Forum: Ruby on Rails initialization of new model objects in Rails

Posted by Dan Brooking (Guest)
on 2012-12-19 22:48
(Received via mailing list)
Hey guys... having an issue that hopefully someone can help with.

I have a ActiveRecord model called WebPage, it has two fields - url and
title.  I want the title to be determined by parsing the html (I'm using
Nokogiri) - and this is where I'm having issues.

My code looks something like:

class WebPage < ActiveRecord::Base
  attr_accessible :url, :title, :doc

  def doc
    @doc ||= Nokogiri::HTML(open(@url))
  end

  def title
    title = @doc.css('title')
  end
end


What is happening, is if I run this and try and create a new object 
(@page
= WebPage.new(@url), I get:
ActionView::Template::Error (undefined method `css' for nil:NilClass)
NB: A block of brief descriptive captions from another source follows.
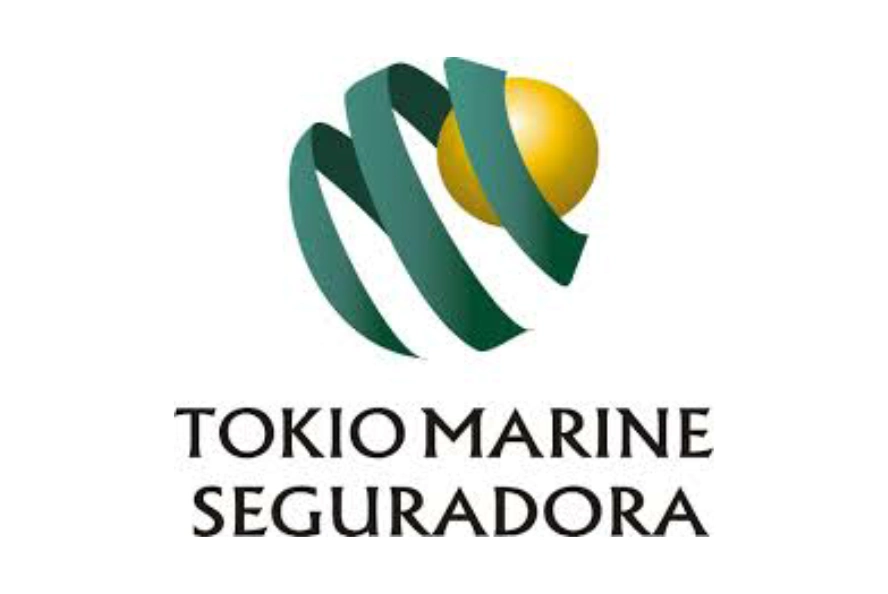 Logotipo da seguradora Tokio Marine, parceira da ERQ Seguros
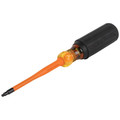 Screwdrivers | Klein Tools 6944INS #2 Square Tip 4 in. Round Shank Insulated Screwdriver image number 0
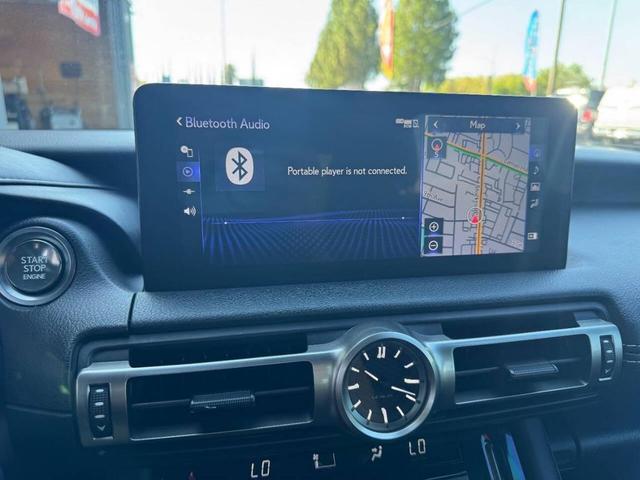 Photo of 2021 Black Lexus IS 350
Now, if I set @doc in my controller, and change the name of title to
set_title and call @page.title = @page.set_title, it works.  But that is
very ugly and if I've learned anything from rails, is that if it looks 
ugly
to start with, it's probably not the right way.

What am I doing wrong?
Posted by Walter Davis (walterdavis)
on 2012-12-19 23:39
(Received via mailing list)
On Dec 19, 2012, at 4:46 PM, Dan Brooking wrote:

>     @doc ||= Nokogiri::HTML(open(@url))
>
> Now, if I set @doc in my controller, and change the name of title to set_title 
and call @page.title = @page.set_title, it works.  But that is very ugly and if 
I've learned anything from rails, is that if it looks ugly to start with, it's 
probably not the right way.
>
> What am I doing wrong?
>

You're not calling your doc() method when you use the @doc instance 
variable, so you aren't initializing @doc. I believe you could fix this 
by removing the @ before doc in your title method. You're still going to 
get the benefit of "memoizing" the value (you'll only look it up once, 
no matter how many times you ask for it).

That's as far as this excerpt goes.